So the strange tape ISN'T the same as EITHER the home twins real tape, OR the traveler's real tape.

One more question: Is there a 12-step program I can join, for recovering "Physics Forum postaholics"?

Mike Fontenot

 

[ghwellsjr]

Mike, you need some direction:
1) Only use one frame of reference at a time.
2) Analyze what each observer measures locally and directly. No "remote measurements" allowed.
3) Assume each twin has an identical clock that flashes once an hour and they each count their own flashes and the other twin's flashes when they arrive.
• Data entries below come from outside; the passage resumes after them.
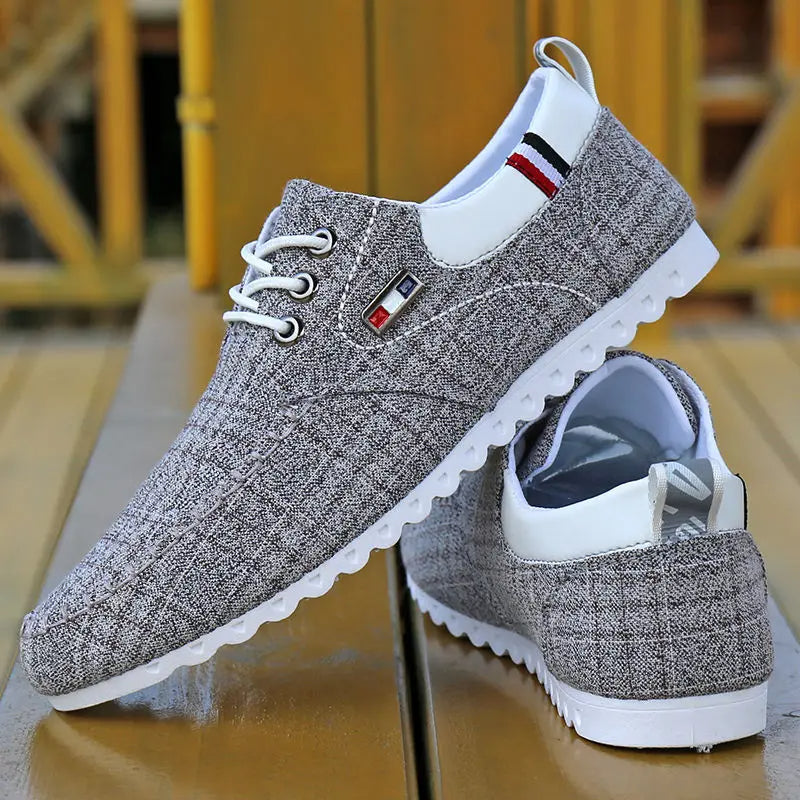 Sylas – Elegante linnen schoenen
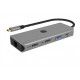 Stacja dokująca IB-DK4012-CPD 9w1, 2x HDMI, 4K60Hz, 3xUSB, 100W PD,LAN, Czytnik kart 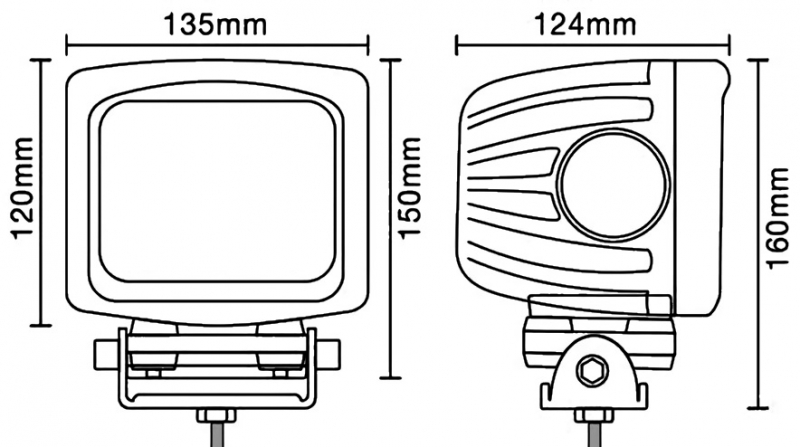 LED Arbeitsscheinwerfer SQ90 | 8100 lm, 90 W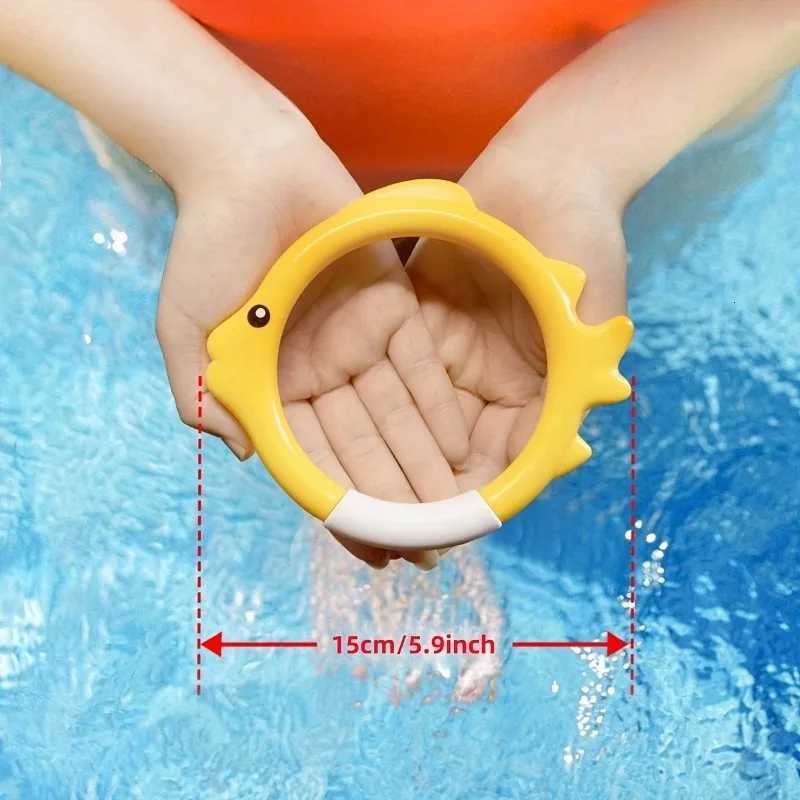 4/8PCs Diving Rings Set - Underwater Swim Training Gear with Fish-Shaped Retrieval Rings Floatable PVC Pool Toys Adults/Kids Z260328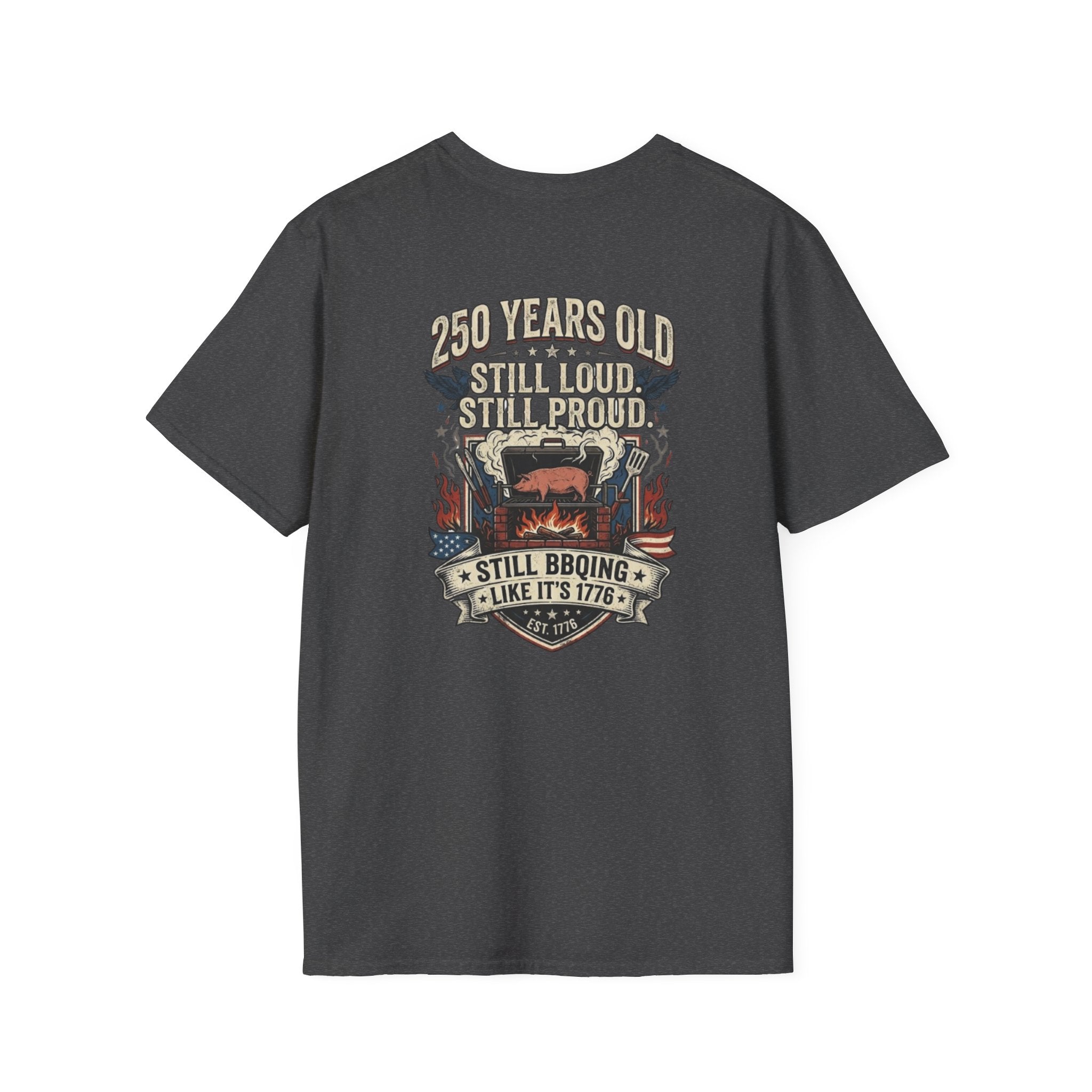 250th Anniversary - 4th of July Patriot Graphic T-Shirt — Patriotic '250' Celebration Design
Keep track of flashes in transit.

If you do this correctly for multiple frames, you will discover that it doesn't matter which frame you use, each observer makes the same measurements but you have to keep in mind that you can see more than the observers can see.

You can call me George.

 

[yuiop]

I think I FINALLY understand the point you were making, Yuiop. (And GHWellsJR was possibly thinking along the same lines).

That measuring tape that I described is indeed a very STRANGE tape.

I think we are on the same page now. I just want to check by expanding on the numerical example you gave earlier, by introducing a space station at the turnaround point.

Earth to Space Station distance = 34.64 lightyears in Earth frame.
Velocity of traveller relative to Earth = 0.866c


It takes 40 years (Earth time) to travel from Earth to the Space Station (SS).
It takes 20 years (Traveller time) to travel from Earth to the SS.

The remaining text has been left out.